The Dan Rather "black hole," as it has become known in news circles, is probably one of the most unusual things to have happened in television.
This is what took place. Dan was down in Miami to cover the pope and anchor the "CBS Evening News." To Dan's chagrin CBS Sports was broadcasting a whale of a tennis match between lady stars Lori McNeil and Steffi Graf. Dan was informed that the "Evening News" might have to be cut to make time for the tennis. Rather was furious and said if CBS Sports cut into his show, then CBS Sports could do all the news that evening.
It was a standoff until 6:30 rolled around and Rather was told he had to hold off on the pope until the tennis game was over. Dan, in fury, took off his mike and walked out of the studio to call his boss in New York.
Now it gets interesting. While Rather was in the hall the tennis match ended. But there was nobody in the studio to present the evening news. So CBS went to black -- pitch black -- while CBS network executives from New York to Key Biscayne were screaming at each other, "My TV set is on the fritz!" After six minutes of blackness Dan came back on the air with an upbeat report on the pope.
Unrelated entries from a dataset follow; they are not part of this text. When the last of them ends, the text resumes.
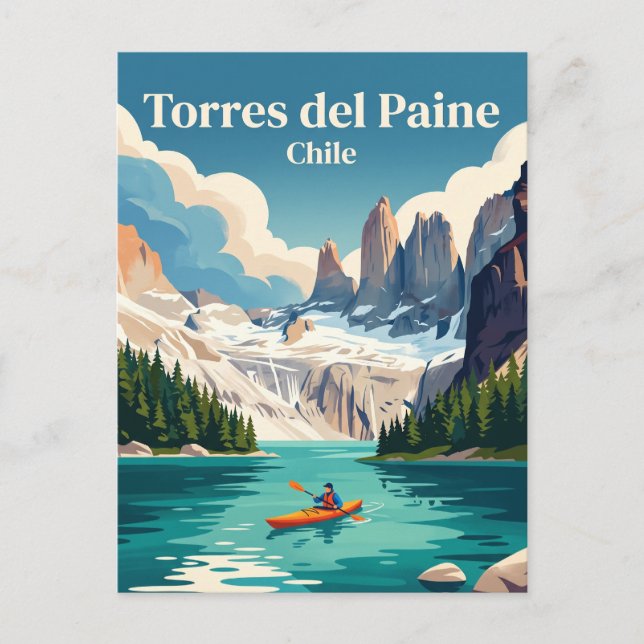 Cartão Postal Torres del Paine Chile (Frente)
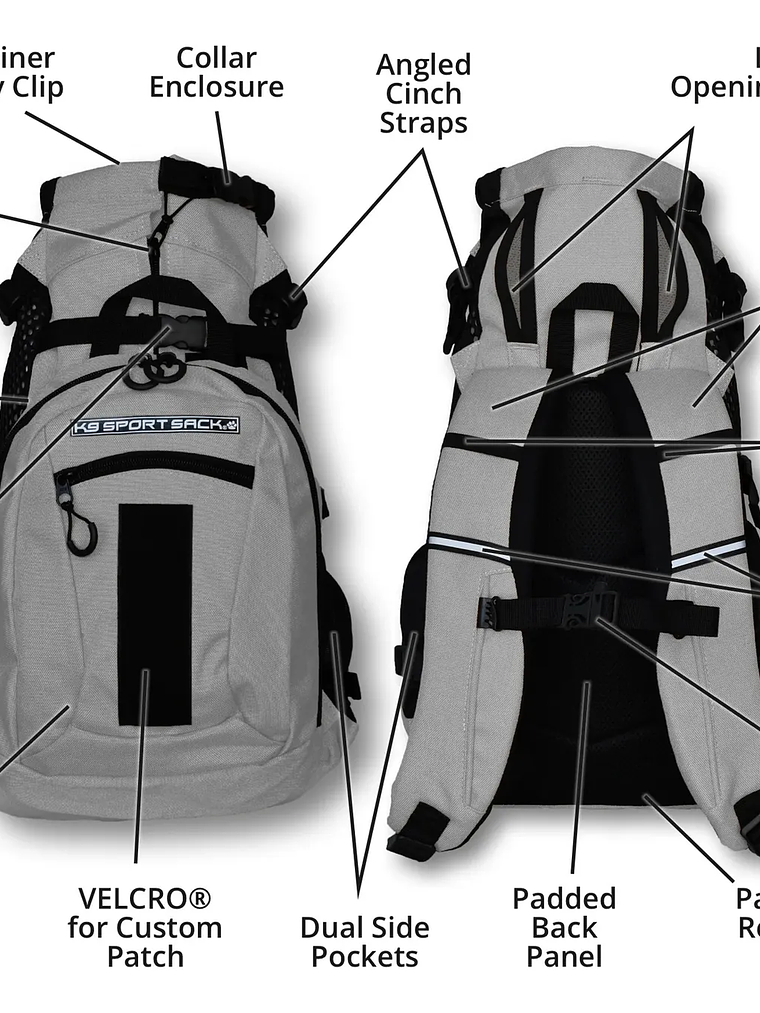 Plus 2 | Mochila De Perro Con Bolso Desmontable | K9 Sport Sack®  29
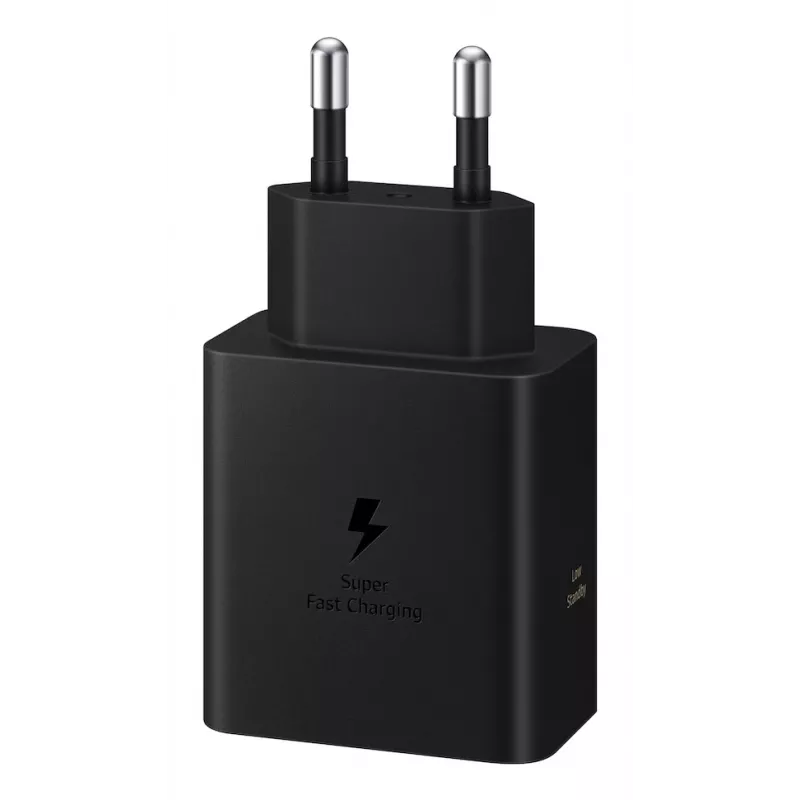 Samsung EP-T6010NBEGWW 60 W kroviklis nešiojamam kompiuteriui, išmaniajam telefonui, planšetei, juodas, AC greitasis krovimas, vidaus naudojimui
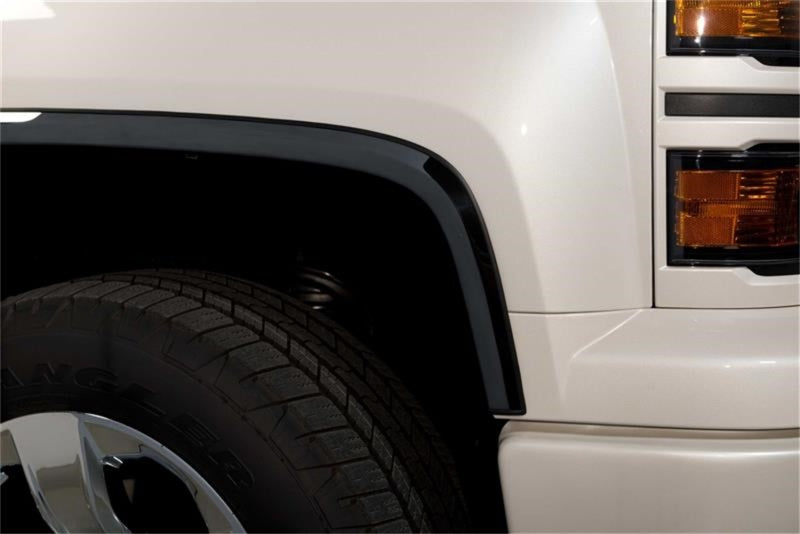 Putco 14-15 GMC Sierra LD - Full Blk Platinum Fender Trim (Replaces or Fits on Top of OEM Trim)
But it was too late.
Ever since that night, known as "Black Friday at Black Rock," the CBS brass have been scratching their heads trying to figure out what happened and what can be done about it. Chairman of the Board Larry Tisch said, "This will never happen again." Howard Stringer, the CBS News president, said it even more strongly: "This will never happen again!" Three thousand CBS executives opened their windows and shouted, "This will never happen again!!"
It is one thing to say it, but another to actually do something constructive.
A source at CBS told me that one of the ideas the executives came up with is to station a pit bull by Rather's desk. Every time Dan makes a move toward the door the bull will start chewing his leg.
Another idea, in case the pit bull doesn't work out, is to put Rather in chains in the control booth with Diane Sawyer holding the key.
A news producer wants to let Dan sit in the umpire's chair at the tennis open and adjudicate the match on center court. Hopefully, by calling the matches, Rather will develop as much interest in tennis as he has in Afghanistan. It will also give him an opportunity to go straight from McEnroe to Judge Bork without a break.
A TV expert on black holes has come up with voiceover audio tapes that would automatically start playing if CBS screens all over America darkened. The voice would say, "Don't turn the dial. You are now watching George Bush campaigning in a West Virginia coal mine." Or, "The blackness you now see on your screen is a picture of the U.S. Supreme Court from the neck down."
Whether CBS will resort to any of these strategies is not known at this time. Rather feels terrible about the blackout and as penance has offered to wear tennis sweaters every night on his show.
To make matters a lot worse, Nielsen took a survey and discovered that 25 percent of the viewers would want to watch women's tennis, 20 percent said they would rather tune in to the "Evening News" and 55 percent said if they had a choice they would prefer to stare at a black screen.